* [WHAT IS EXPECTED]: Please make an exact copy of the lines from the one holding "Black Man Africa Kid Hoodie Naturally King" through the end of the data, both ends included, with no pictures.

(SOURCE MATERIAL)

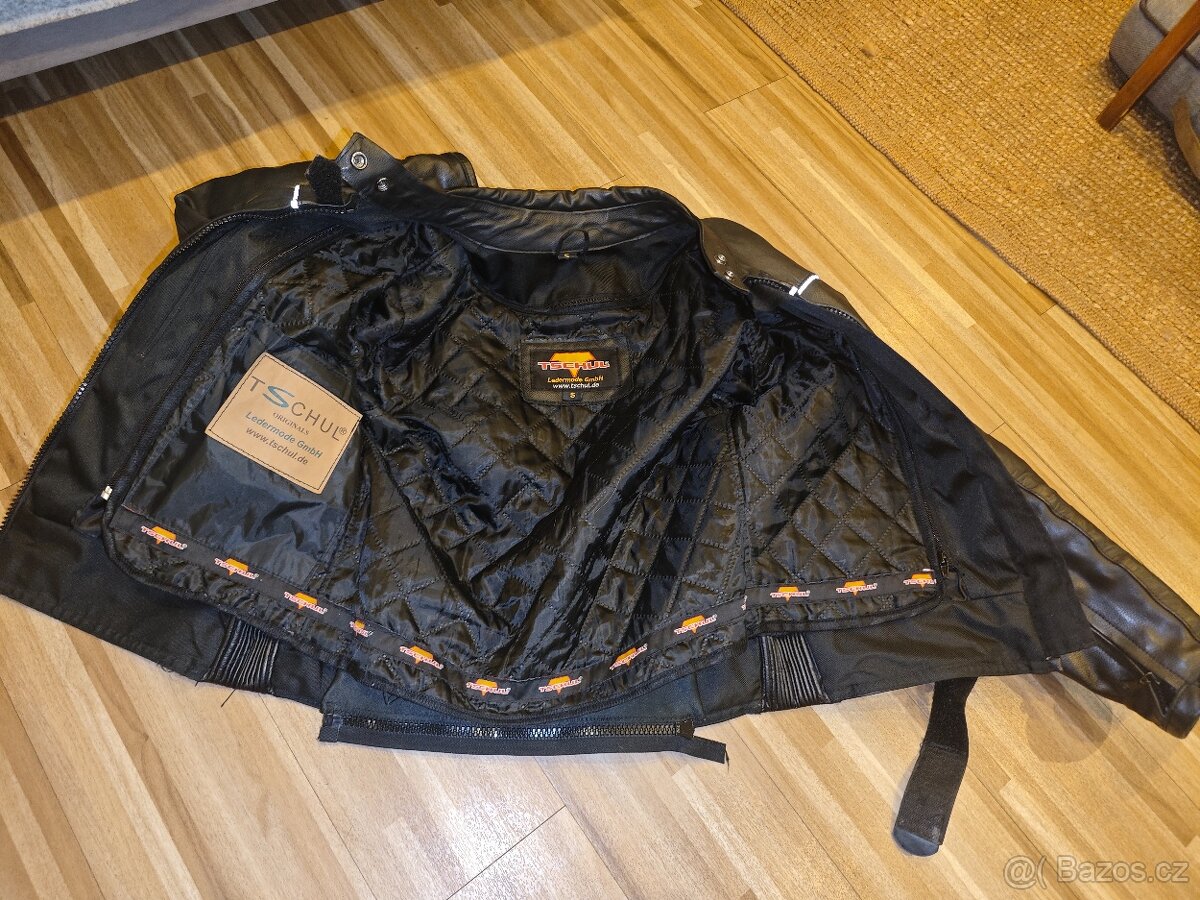 Dámská kožená bunda na motorku Tschul Vel. S - 3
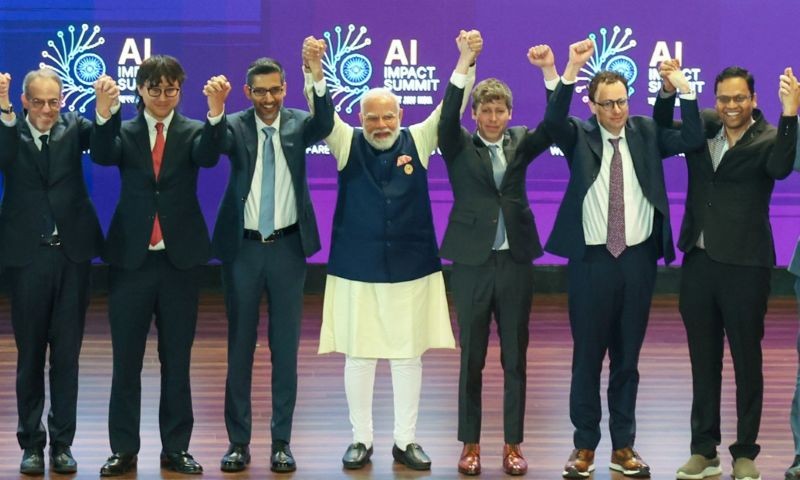 AI rivalry goes public as OpenAI’s Sam Altman, Anthropic’s Dario Amodei avoid holding hands at Delhi Summit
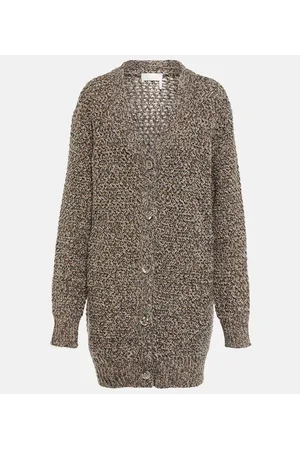 Chloé Chloé Cardigan in cashmere e lana a righe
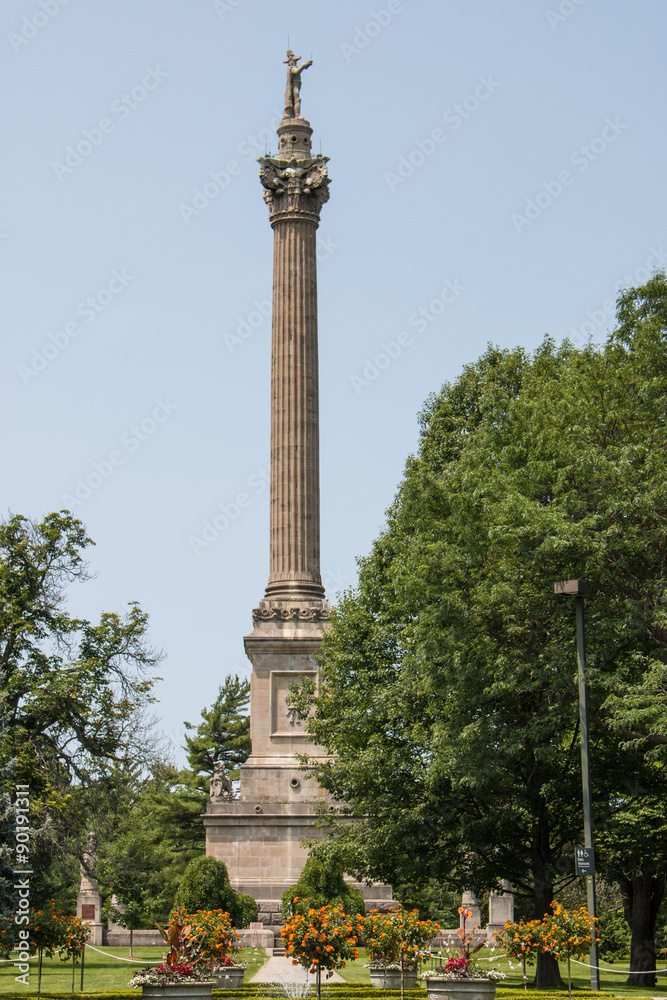Fototapeta premium Brock's Monument in Queenston Heights Park Niagara Falls Ontaria Canada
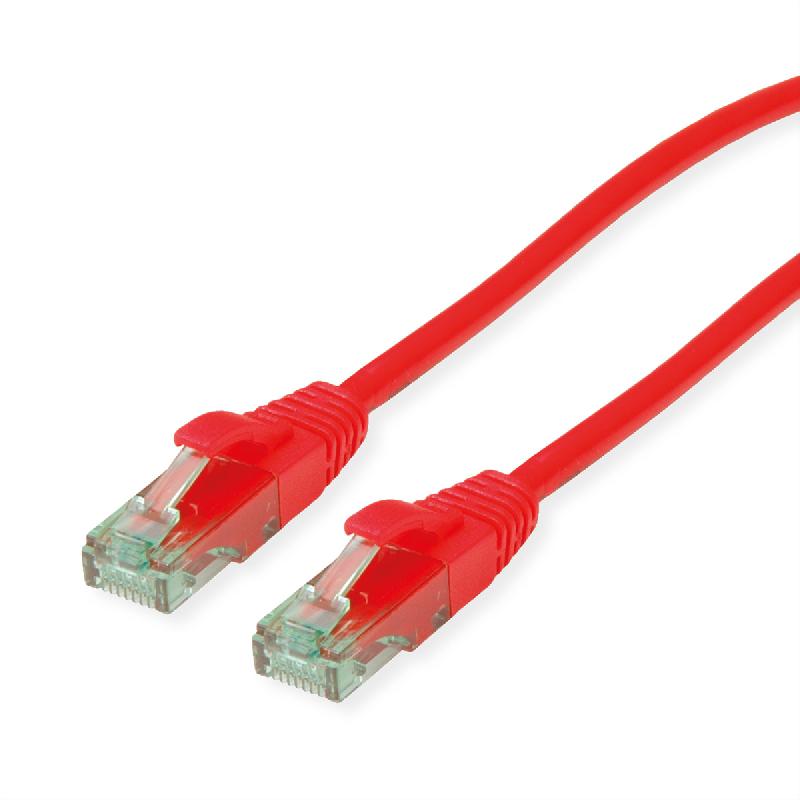 ROLINE RM Cordon UTP Cat.6A / 10 Gigabit, rouge, 0,5 m_0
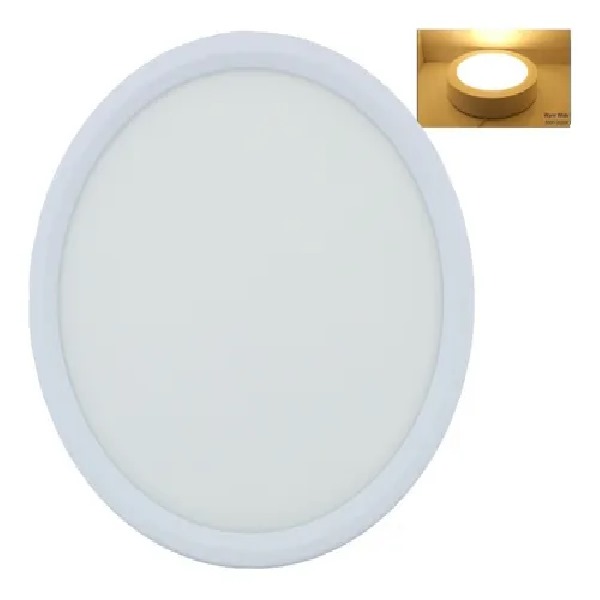Lampara De Sobreponer Panel Led 25w Redondo Luz Cálida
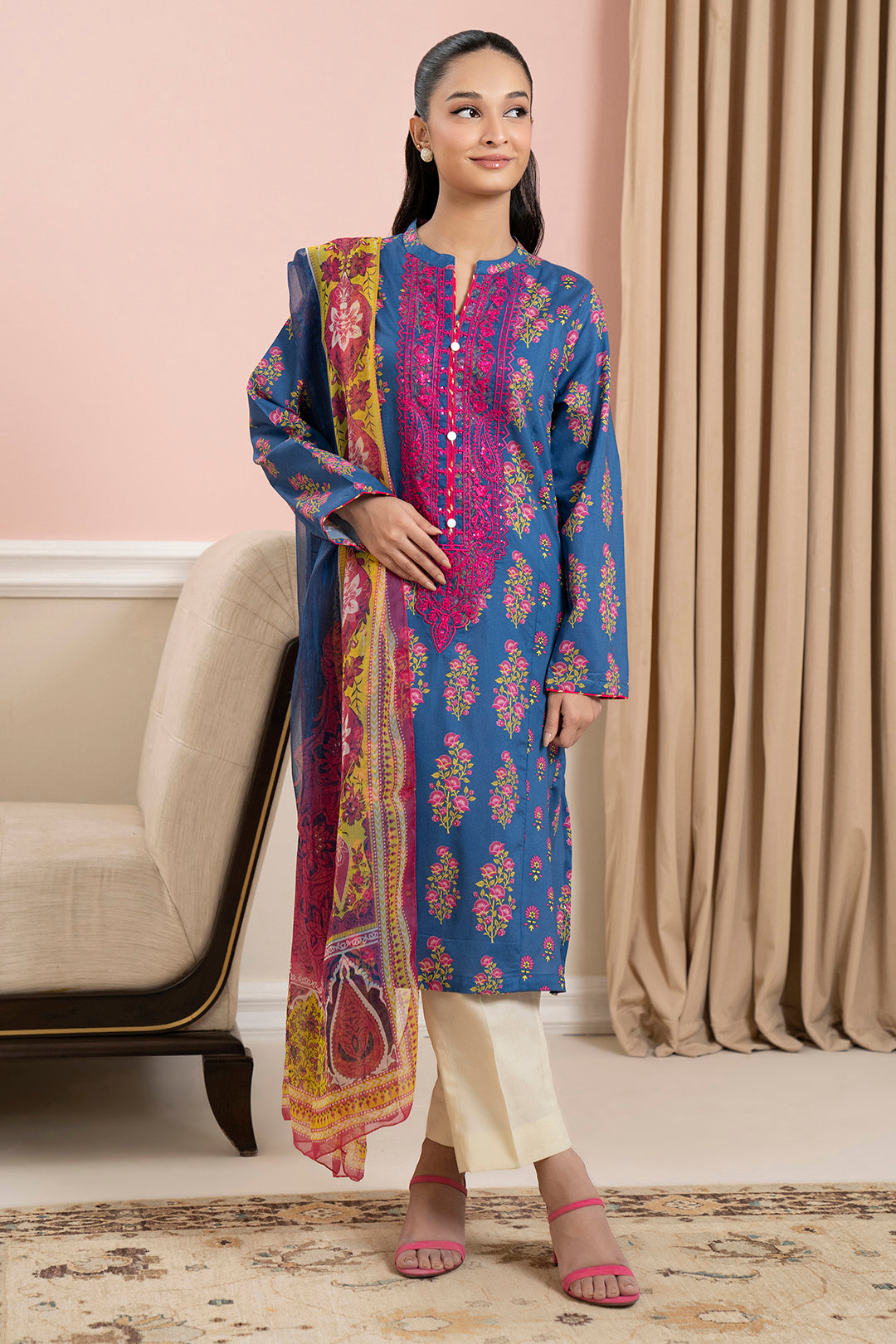 Embroidered Kurta Dupatta - 2880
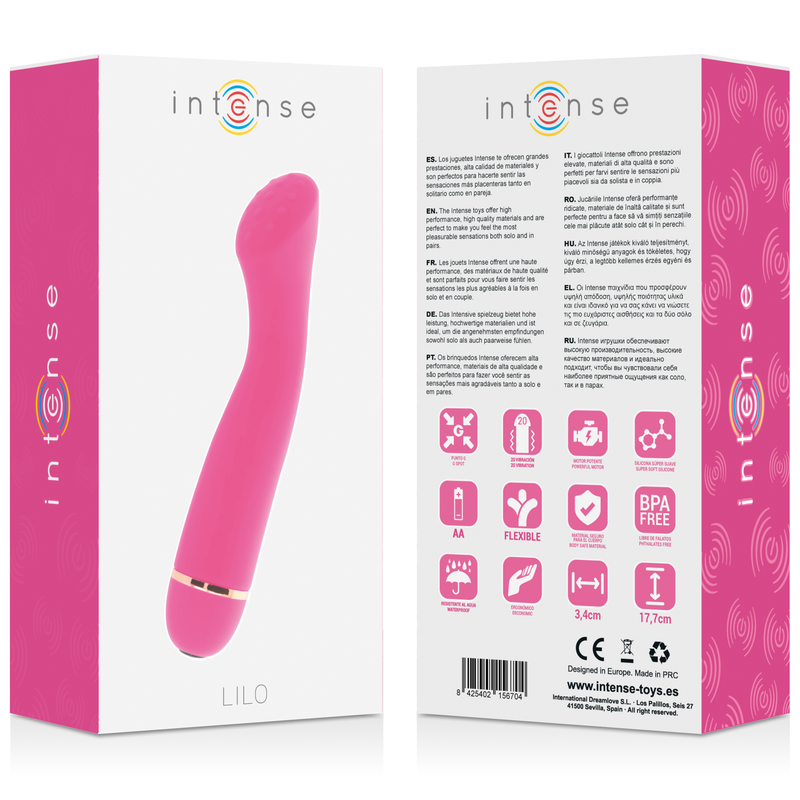 INTENSE - LILO 20 SPEEDS SILICONE PINK INTENSE FUN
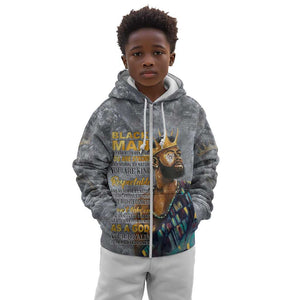 Black Man Africa Kid Hoodie Naturally King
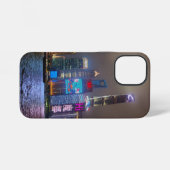 Electric Dreams - Futuristic Shanghai Skyline, A C iPhoneケース (裏面横)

(End SOURCE MATERIAL)

* [EXPECTED ANSWER]:
 Black Man Africa Kid Hoodie Naturally King
 Electric Dreams - Futuristic Shanghai Skyline, A C iPhoneケース (裏面横)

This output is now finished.